Eni has implemented and maintains a system of policies, procedures and compliance mechanisms to manage safety, health, environmental, reliability and efficiency risks; to verify compliance with applicable laws and policies; and to respond to and learn from unexpected incidents. Nonetheless, in certain situations where Eni is not the operator, the Company may have limited influence and control over third parties, which may limit its ability to manage and control such risks. Eni maintains insurance coverage that include coverage for physical damage to our assets, third party liability, workers’ compensation, pollution and other damage to the environment and other coverage. Our insurance is subject to caps, exclusion and limitation, and there is no assurance that such coverage will adequately protect us against liabilities from all potential consequences and damages. In light of the accident at the Macondo well in the Gulf of Mexico, we may not be able to secure similar coverage for the same costs. Future insurance coverage for our industry could increase in cost and may include higher retentions. Also, some forms of insurance may become unavailable in the future or unavailable on terms that we believe are economically acceptable.

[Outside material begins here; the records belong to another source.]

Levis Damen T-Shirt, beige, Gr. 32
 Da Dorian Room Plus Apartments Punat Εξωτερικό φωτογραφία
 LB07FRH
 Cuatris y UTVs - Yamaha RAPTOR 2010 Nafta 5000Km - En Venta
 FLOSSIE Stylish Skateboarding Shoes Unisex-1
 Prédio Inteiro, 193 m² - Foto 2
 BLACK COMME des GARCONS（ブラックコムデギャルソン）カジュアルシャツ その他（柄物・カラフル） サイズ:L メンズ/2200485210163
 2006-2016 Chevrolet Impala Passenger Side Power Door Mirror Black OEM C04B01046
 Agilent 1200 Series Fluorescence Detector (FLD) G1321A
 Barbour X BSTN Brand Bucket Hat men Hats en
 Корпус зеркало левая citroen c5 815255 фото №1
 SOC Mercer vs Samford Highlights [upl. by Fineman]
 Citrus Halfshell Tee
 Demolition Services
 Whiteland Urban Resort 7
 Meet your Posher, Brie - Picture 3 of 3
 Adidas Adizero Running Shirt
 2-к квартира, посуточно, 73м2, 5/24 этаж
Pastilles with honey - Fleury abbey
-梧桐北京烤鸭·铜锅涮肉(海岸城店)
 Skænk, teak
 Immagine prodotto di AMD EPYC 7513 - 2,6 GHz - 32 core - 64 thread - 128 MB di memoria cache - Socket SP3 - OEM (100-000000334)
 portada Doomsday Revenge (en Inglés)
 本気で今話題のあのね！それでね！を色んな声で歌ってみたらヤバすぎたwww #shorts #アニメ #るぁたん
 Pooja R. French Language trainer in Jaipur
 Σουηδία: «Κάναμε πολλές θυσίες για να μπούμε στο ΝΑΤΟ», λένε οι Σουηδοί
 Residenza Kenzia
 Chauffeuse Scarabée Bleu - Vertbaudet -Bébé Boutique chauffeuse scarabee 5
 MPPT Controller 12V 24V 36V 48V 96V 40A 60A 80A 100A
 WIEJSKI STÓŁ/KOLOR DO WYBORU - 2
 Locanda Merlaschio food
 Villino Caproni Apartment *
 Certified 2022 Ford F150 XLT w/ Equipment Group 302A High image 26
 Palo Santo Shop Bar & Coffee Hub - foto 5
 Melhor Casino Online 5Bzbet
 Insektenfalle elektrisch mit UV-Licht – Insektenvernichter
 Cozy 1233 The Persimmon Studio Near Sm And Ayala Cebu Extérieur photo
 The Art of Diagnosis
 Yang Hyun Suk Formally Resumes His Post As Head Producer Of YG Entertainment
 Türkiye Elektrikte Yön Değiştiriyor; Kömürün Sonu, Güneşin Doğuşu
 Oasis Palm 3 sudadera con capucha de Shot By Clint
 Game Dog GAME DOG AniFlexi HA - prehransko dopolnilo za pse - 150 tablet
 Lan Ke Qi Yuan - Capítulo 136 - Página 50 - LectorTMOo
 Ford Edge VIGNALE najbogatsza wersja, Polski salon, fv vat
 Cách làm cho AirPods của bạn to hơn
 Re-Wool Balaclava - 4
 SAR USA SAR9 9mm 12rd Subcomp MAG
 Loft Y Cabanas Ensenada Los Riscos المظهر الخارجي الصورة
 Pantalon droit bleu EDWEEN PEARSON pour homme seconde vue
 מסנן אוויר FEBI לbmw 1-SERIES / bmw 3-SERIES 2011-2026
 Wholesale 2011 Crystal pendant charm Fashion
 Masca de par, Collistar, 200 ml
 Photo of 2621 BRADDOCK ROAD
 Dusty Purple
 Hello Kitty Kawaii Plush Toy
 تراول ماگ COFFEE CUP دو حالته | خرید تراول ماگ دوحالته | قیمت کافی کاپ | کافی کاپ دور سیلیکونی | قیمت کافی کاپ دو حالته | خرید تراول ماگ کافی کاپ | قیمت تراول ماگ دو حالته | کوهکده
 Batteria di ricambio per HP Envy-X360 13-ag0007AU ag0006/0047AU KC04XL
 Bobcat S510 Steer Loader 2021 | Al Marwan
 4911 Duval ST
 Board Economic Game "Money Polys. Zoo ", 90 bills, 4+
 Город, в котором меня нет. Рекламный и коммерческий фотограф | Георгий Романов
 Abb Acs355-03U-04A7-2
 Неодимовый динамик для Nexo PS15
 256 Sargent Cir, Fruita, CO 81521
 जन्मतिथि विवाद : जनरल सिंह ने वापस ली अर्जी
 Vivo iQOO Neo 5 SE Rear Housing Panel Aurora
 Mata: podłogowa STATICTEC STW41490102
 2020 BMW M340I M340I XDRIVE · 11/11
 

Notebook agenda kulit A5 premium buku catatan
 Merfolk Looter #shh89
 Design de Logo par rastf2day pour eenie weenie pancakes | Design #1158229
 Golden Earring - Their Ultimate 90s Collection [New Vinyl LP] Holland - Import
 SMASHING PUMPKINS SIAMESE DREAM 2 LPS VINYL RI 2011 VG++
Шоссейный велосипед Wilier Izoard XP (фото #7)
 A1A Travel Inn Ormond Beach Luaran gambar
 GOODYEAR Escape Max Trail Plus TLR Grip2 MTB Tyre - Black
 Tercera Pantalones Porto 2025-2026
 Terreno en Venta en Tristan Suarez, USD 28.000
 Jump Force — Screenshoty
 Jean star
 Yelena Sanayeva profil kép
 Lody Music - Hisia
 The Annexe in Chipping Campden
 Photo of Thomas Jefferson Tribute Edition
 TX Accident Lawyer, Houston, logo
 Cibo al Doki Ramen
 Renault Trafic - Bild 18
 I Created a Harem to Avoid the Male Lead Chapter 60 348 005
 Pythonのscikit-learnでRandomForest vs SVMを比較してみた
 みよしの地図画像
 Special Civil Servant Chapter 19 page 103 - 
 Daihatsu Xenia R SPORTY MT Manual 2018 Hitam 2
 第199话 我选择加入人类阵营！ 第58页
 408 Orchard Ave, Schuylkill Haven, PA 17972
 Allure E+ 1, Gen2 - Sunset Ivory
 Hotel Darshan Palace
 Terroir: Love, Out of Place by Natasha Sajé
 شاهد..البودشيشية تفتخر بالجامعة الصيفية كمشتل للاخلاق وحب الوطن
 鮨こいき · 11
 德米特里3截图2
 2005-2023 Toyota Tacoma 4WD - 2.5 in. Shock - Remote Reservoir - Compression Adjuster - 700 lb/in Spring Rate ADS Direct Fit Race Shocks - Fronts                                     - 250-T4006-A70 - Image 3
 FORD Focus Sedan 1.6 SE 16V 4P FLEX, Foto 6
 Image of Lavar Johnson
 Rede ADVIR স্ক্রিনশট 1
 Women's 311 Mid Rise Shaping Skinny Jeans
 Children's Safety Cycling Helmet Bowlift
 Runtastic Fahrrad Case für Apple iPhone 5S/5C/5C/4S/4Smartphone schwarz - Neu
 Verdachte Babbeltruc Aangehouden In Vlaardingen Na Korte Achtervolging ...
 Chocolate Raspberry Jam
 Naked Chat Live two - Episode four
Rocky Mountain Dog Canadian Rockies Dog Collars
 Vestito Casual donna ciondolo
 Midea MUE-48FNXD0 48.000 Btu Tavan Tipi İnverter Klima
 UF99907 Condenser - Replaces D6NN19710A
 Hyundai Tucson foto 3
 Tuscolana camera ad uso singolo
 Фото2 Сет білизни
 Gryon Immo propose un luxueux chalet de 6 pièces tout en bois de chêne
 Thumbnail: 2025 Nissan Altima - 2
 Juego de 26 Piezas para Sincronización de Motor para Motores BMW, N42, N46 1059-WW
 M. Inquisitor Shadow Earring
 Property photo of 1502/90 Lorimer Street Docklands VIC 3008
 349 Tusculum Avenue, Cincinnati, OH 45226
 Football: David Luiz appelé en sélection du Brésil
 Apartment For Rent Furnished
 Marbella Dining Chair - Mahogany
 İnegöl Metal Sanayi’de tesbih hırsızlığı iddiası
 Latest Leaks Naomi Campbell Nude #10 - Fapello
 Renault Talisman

The production of oil and natural gas is highly regulated and is subject to conditions imposed by governments throughout the world in matters such as the award of exploration and production interests, the imposition of specific drilling and other work obligations, income taxes and taxes on production, environmental protection measures, control over the development and abandonment of fields and installations, and restrictions on production.

Our oil and natural gas operations are particularly exposed to health, safety, security and environmental risks.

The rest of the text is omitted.